Jeszcze dwa tygodnie temu taka podwyżka wydawała się niemal pewna - szybko rosnące ceny, zwłaszcza żywności, były dla RPP żelaznym argumentem za podwyżką.
Chociaż teraz inflacja jest nadal wysoka (resort finansów prognozuje, że w lipcu wyniesie 4,7-4,8 proc.), to jednak analitycy nie są już tacy pewni, że stopy w tym miesiącu wzrosną. Z danych GUS wynika bowiem, że tempo wzrostu cen wyraźnie słabnie - w pierwszej połowie lipca ceny żywności nie wzrosły w porównaniu z pierwszą połową czerwca. Część ekonomistów uważa jednak, że RPP powinna się wstrzymać z podwyżką.

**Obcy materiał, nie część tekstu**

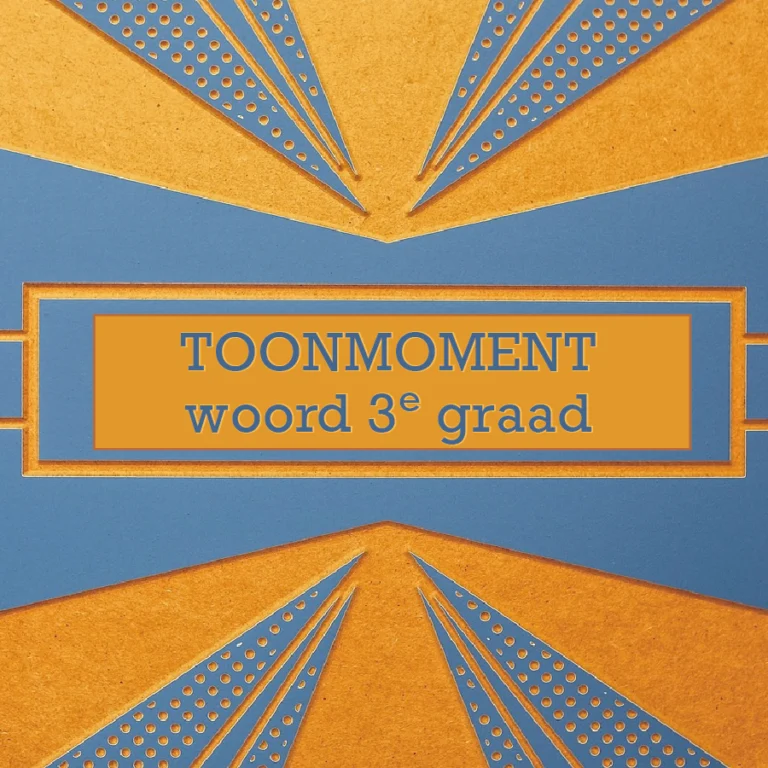 Toonmoment woord 3.2. – 3.1.B en 3.3.A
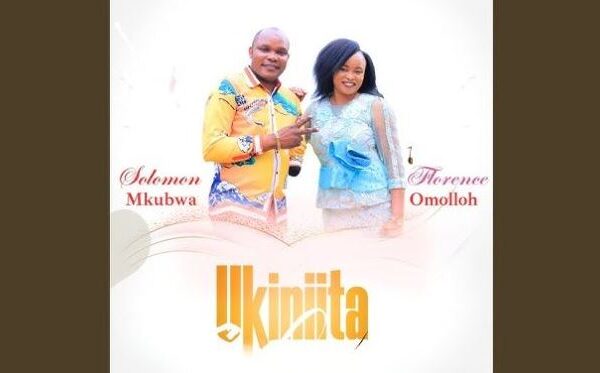 Florence Omolloh Ft Solomon Mkubwa – Ukiniita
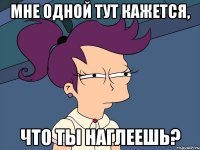 мне одной тут кажется, что ты наглеешь?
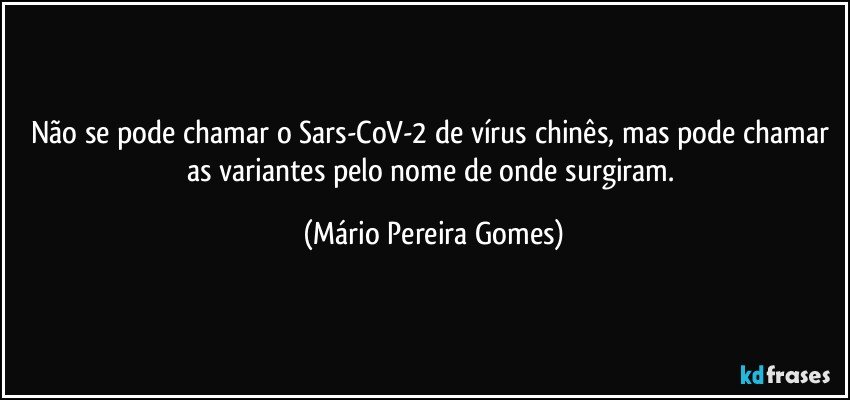 Não se pode chamar o Sars-CoV-2 de vírus chinês, mas pode chamar as variantes pelo nome de onde surgiram. (Mário Pereira Gomes)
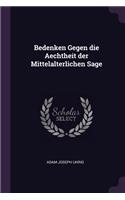 Bedenken Gegen die Aechtheit der Mittelalterlichen Sage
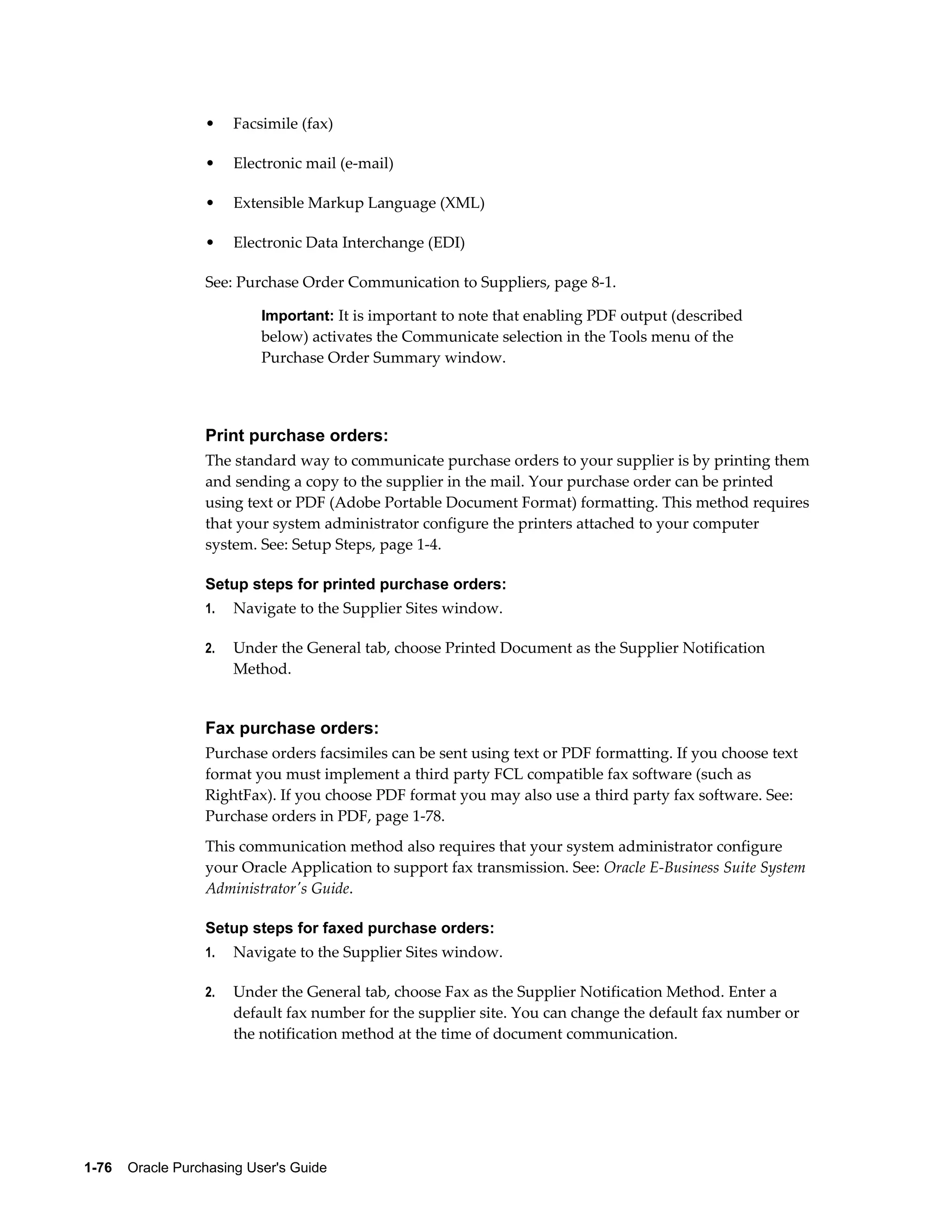 •    Facsimile (fax)

                  •    Electronic mail (e-mail)

                  •    Extensible Markup Language (XML)

                  •    Electronic Data Interchange (EDI)

                  See: Purchase Order Communication to Suppliers, page 8-1.

                           Important: It is important to note that enabling PDF output (described
                           below) activates the Communicate selection in the Tools menu of the
                           Purchase Order Summary window.




                  Print purchase orders:
                  The standard way to communicate purchase orders to your supplier is by printing them
                  and sending a copy to the supplier in the mail. Your purchase order can be printed
                  using text or PDF (Adobe Portable Document Format) formatting. This method requires
                  that your system administrator configure the printers attached to your computer
                  system. See: Setup Steps, page 1-4.

                  Setup steps for printed purchase orders:
                  1.   Navigate to the Supplier Sites window.

                  2.   Under the General tab, choose Printed Document as the Supplier Notification
                       Method.


                  Fax purchase orders:
                  Purchase orders facsimiles can be sent using text or PDF formatting. If you choose text
                  format you must implement a third party FCL compatible fax software (such as
                  RightFax). If you choose PDF format you may also use a third party fax software. See:
                  Purchase orders in PDF, page 1-78.
                  This communication method also requires that your system administrator configure
                  your Oracle Application to support fax transmission. See: Oracle E-Business Suite System
                  Administrator's Guide.

                  Setup steps for faxed purchase orders:
                  1.   Navigate to the Supplier Sites window.

                  2.   Under the General tab, choose Fax as the Supplier Notification Method. Enter a
                       default fax number for the supplier site. You can change the default fax number or
                       the notification method at the time of document communication.




1-76    Oracle Purchasing User's Guide
 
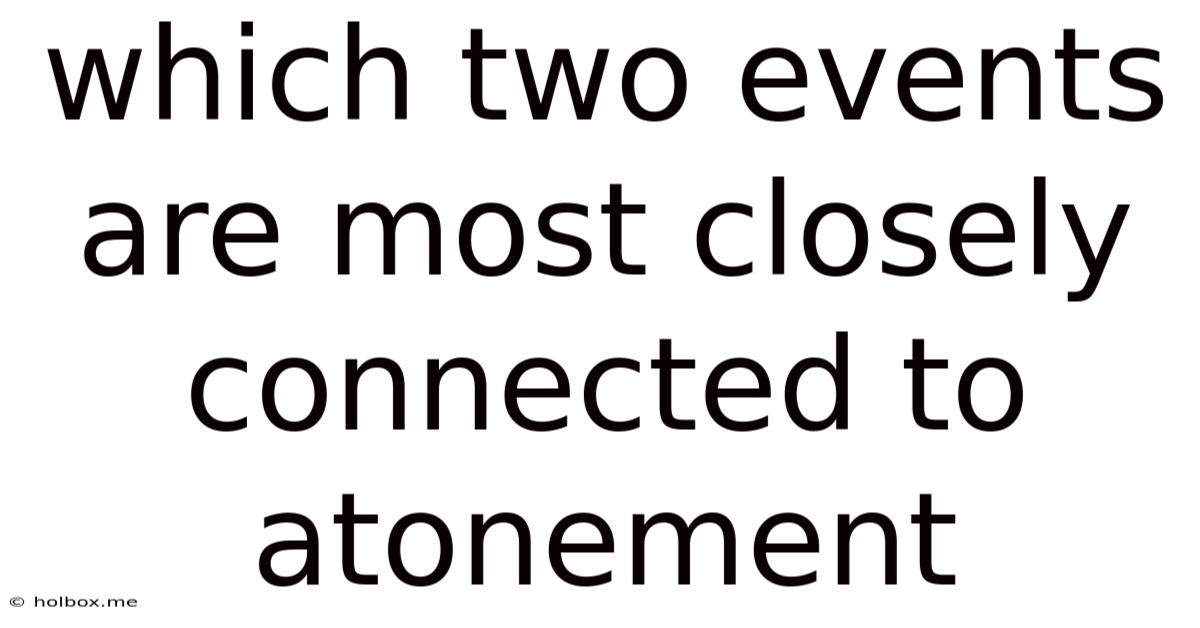 Which Two Events Are Most Closely Connected To Atonement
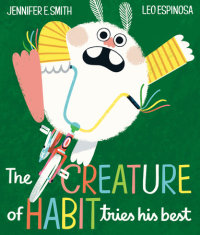 Book cover for The Creature of Habit Tries His Best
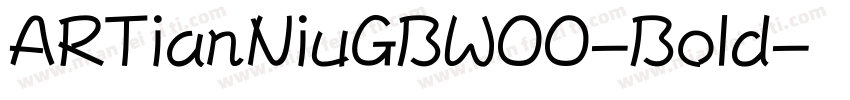 ARTianNiuGBW00-Bold字体转换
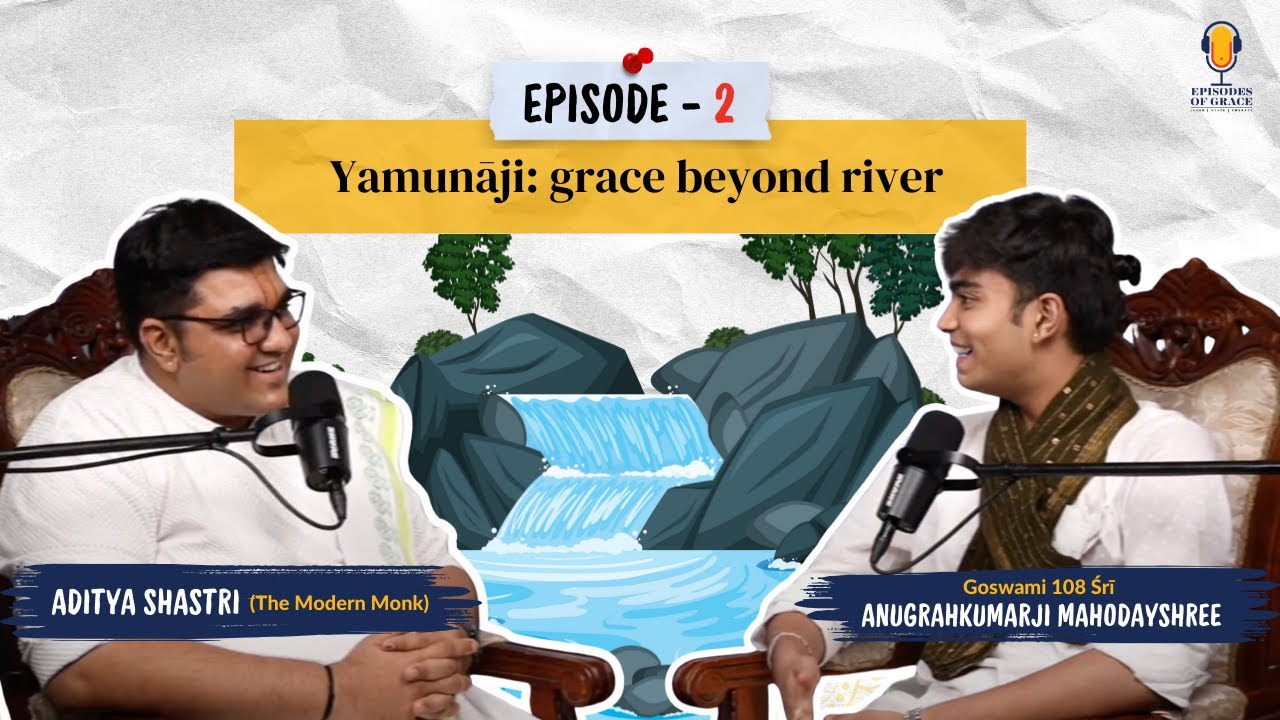 Yamaunji| Grace beyond river | Episodes of Grace Podcast | Season 1 Ep. 2 |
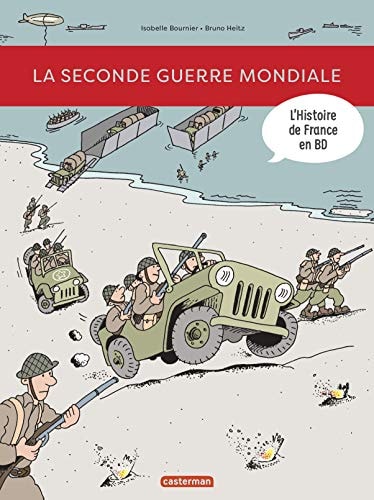 L'HISTOIRE DE FRANCE EN BD -8- LA SECONDE GUERRE MONDIALE NE, de Isabelle Bournier | portada del libro
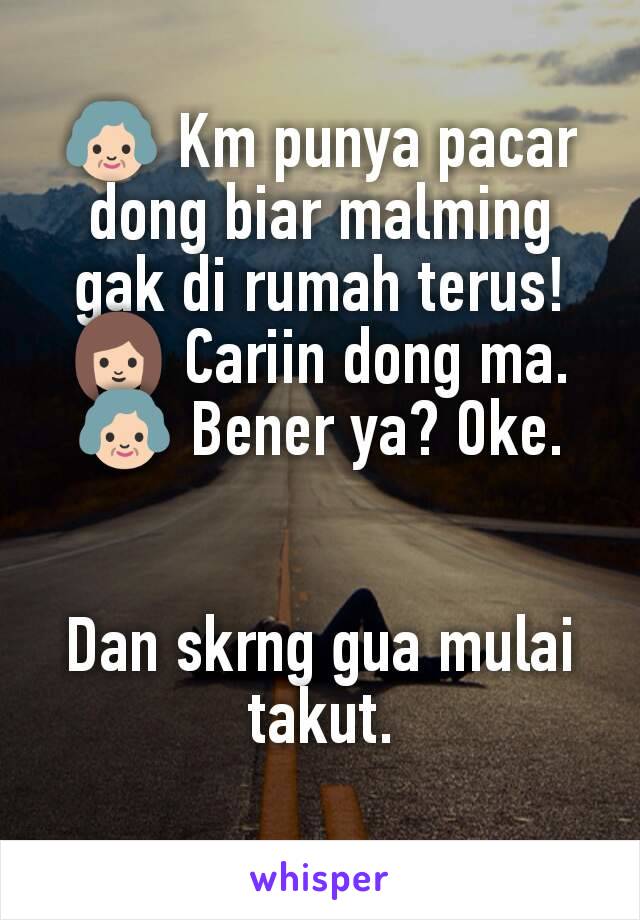 👵 Km punya pacar dong biar malming gak di rumah terus!
👩 Cariin dong ma.
👵 Bener ya? Oke.


Dan skrng gua mulai takut.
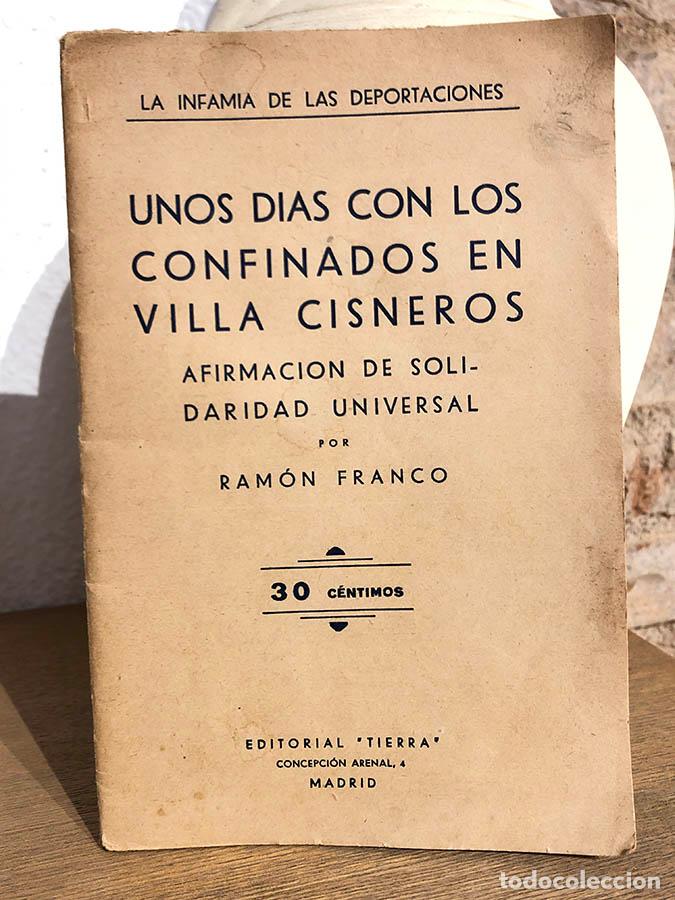 Livros em segunda m&atilde;o: Unos d&iacute;as con los confinados en Villa Cisneros. Afirmaci&oacute;n de solidaridad universal por... - FRANCO,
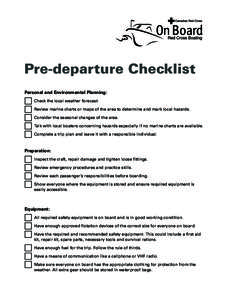 Pre-departure Checklist Personal and Environmental Planning: Check the local weather forecast. Review marine charts or maps of the area to determine and mark local hazards. Consider the seasonal changes of the area. Talk
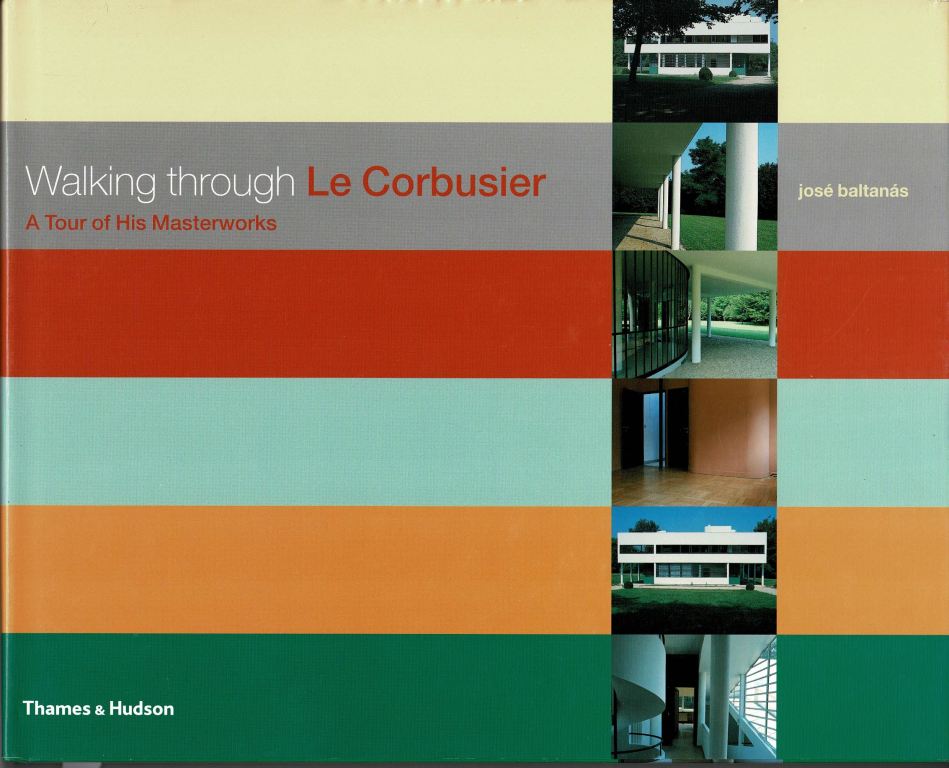 Baltans, Jos. - Walking Through Le Corbusier: A Tour of His Masterworks.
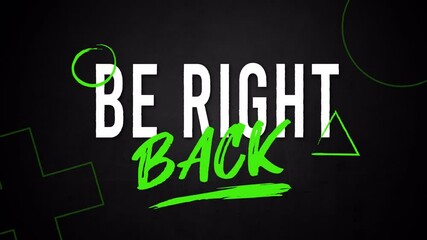 Be right back Animated Screens for Stream, 4k video - Powered by Adobe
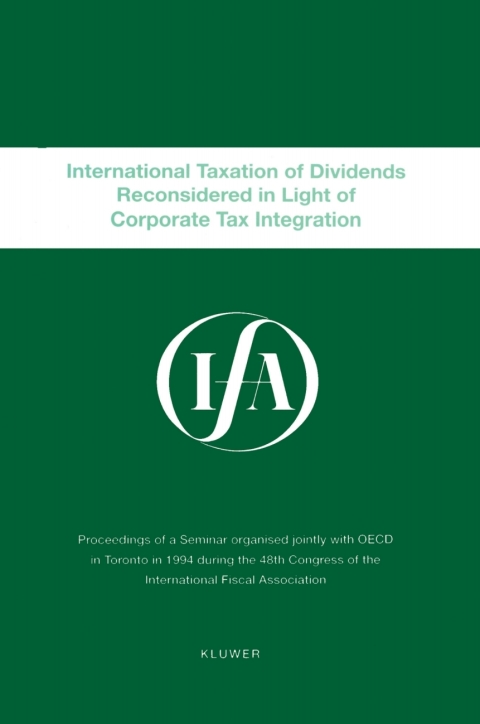 Cover image for book IFA: International Taxation Of Dividends Reconsidered In Light Of Corporate Tax Integration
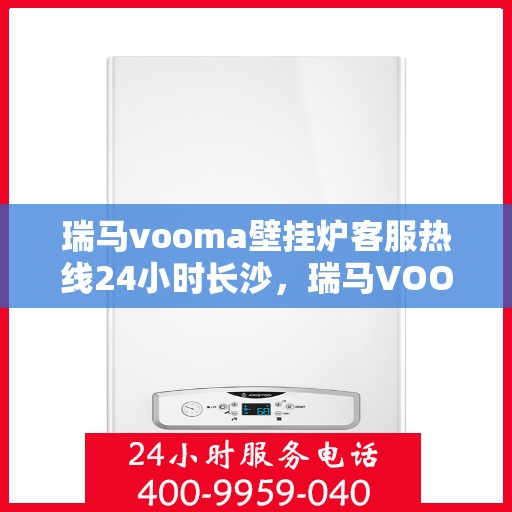 瑞马vooma壁挂炉客服热线24小时长沙，瑞马VOOM壁挂炉长沙客服热线全天候服务，温暖不打烊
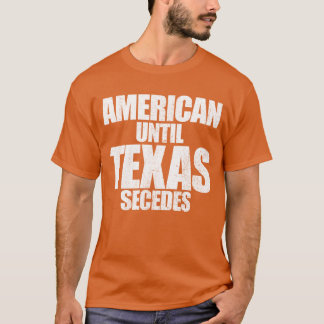 Amerikanisch Untileas Secedes Proudeaneitamer vint T-Shirt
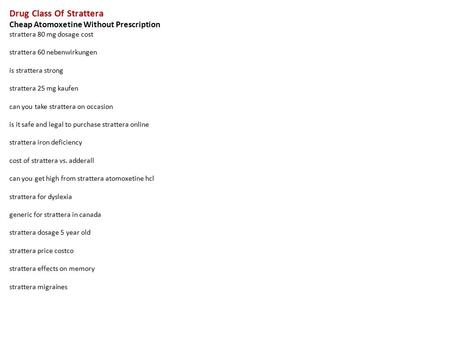 Drug Class Of Strattera Cheap Atomoxetine Without Prescription strattera 80 mg dosage cost strattera 60 nebenwirkungen is strattera strong strattera 25.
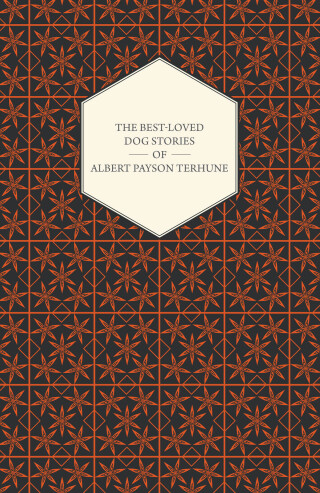 The Best-Loved Dog Stories of Albert Payson Terhune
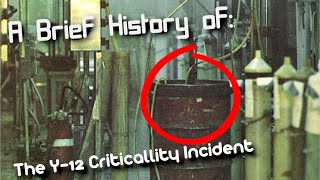 A Brief History of The Y12 Criticality Incident Short Documentary [upl. by Ahasuerus]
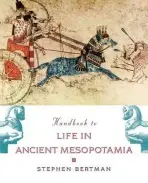 Handbook to Life in Ancient Mesopotamia - Bertman, Stephen (Professor of Classical Studies, Professor of Classical Studies, University of Windsor, Ontario (Emeritus))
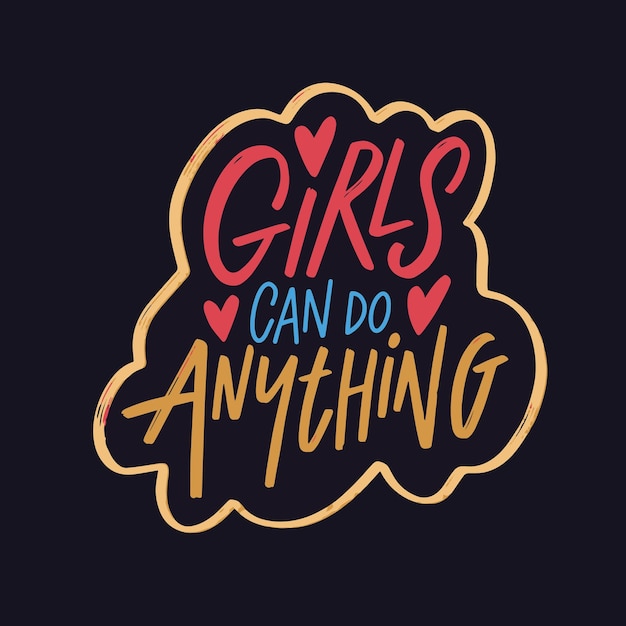 Girls Can Do Anything colorful lettering phrase on a black background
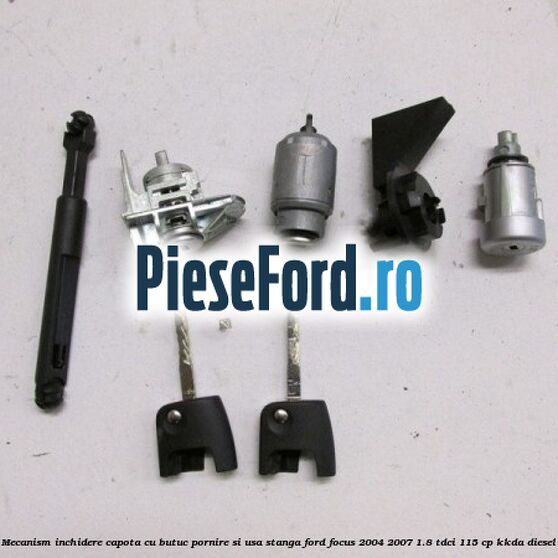 Mecanism inchidere capota cu butuc pornire si usa stanga Ford Focus 2004-2007 1.8 TDCi 115 cp KKDA diesel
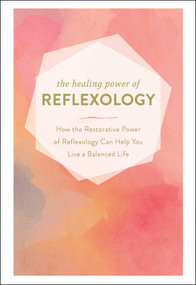 The Healing Power of Reflexology (How the Restorative Power of Reflexology Can Help You Live a Balanced Life) by Adams Media, 9781507210864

Sensownie będzie poczekać do sierpnia, może dłużej, by zobaczyć, jak sytuacja będzie się kształtować - powiedział Marek Zuber z TMS. Warto jednak przypomnieć, że w równym stopniu jak niespodziewany wzrost cen żywności Radę niepokoi niepewna sytuacja finansów publicznych. W ubiegłym tygodniu prezes NBP Leszek Balcerowicz przestrzegał, że duży deficyt budżetowy zagraża stabilności cen. - Zaciąganie rosnącego długu u wierzycieli zagranicznych coraz silniej uzależnia Polskę od zewnętrznego kapitału portfelowego - stwierdził prezes NBP.